You never know what is underneath an overwrapped rod section, so buyer beware! It can be just a minor hook dig or a more serious problem. In this case it's a more serious problem. After the overwraps were removed it is revealed that the sections had both been broken at some point  in time and repaired by cutting back the sections and splicing the tips back into place, and then had broken again further up the section. Ouch!

The guides still on the rod are the original reverse-twist snakes, but are badly rusted and channeled from years of use with a silk line. They will need to be replaced with the appropriate originals.

Ferrules

This is a view of the first set of ferrules. The wrap below the female is a crude replacement and also notice that the welt is missing and will need to be replicated. The male ferrule has an apparent split, and as mentioned the ferrules are loose,corroded and will need to be removed, cleaned and remounted on the rod. The ferrules on vintage rods are commonly held in place with pins, and the photo below shows a pin on a male ferrule. These pins must be driven out to remove the ferrule, and then re-pinned with nickel silver wire.

Ferrule pin

The next photo show the reelseat. Notice the metalwork on this old rod, the fineness of the knurling is extraordinary! Also notice the amount of corrosion!

Reel seat

Well, the rod was logged in and we began this project by removing the reel seat in order to replace the cork grip. Under the metalwork was a wooden core, which also had to be removed and refabricated. The original cork rings were 3/8" wide, a size which is not available for purchase. I needed to make a jig to cut down 1/2" cork rings to 3/8" to form the grip as original. Once the seat was off it could be polished on a buffing wheel. This is what the seat looks like after removing 100 yrs.+ of oxidation.

Polished Leonard reel seat

The rod was completely stripped, and both tips were beyond repair. So, two new tips were fabricated to the original taper. This is how the rod came out afterwards.

Completed restored antique Leonard rod

The ferrules were beyond repair..once I got the pins knocked out and the ferrules removed, Baily Woods at CSE was able to duplicate the originals for us.
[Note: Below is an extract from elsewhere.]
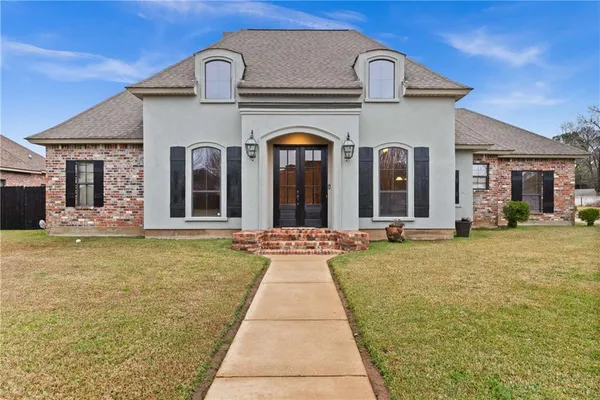 $429,500 | 6402 West Morgan Drive, Alexandria, LA 71303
All of the wraps- including the intermediates and signature wrap- were painstakingly replaced. In many cases, rods are 'restored' without this original embellishment but it is not a true restoration without making the rod 'as original'.

Signature wraps

On most old rods, the silk was sealed with color preservative(cp). CP is a pain to work with, but without using CP the wraps change color and appear transluscent...again, wraps that were sealed with CP must be redone using CP.

wraps properly sealed

The guides were in pretty bad shape, and several could not be saved. Guides should always be replaced with the closest match possible. Nothing looks worse on a vintage rod then modern, oversized chrome guides. Luckily I have a good supply of very early reverse twist snakes...just like the original.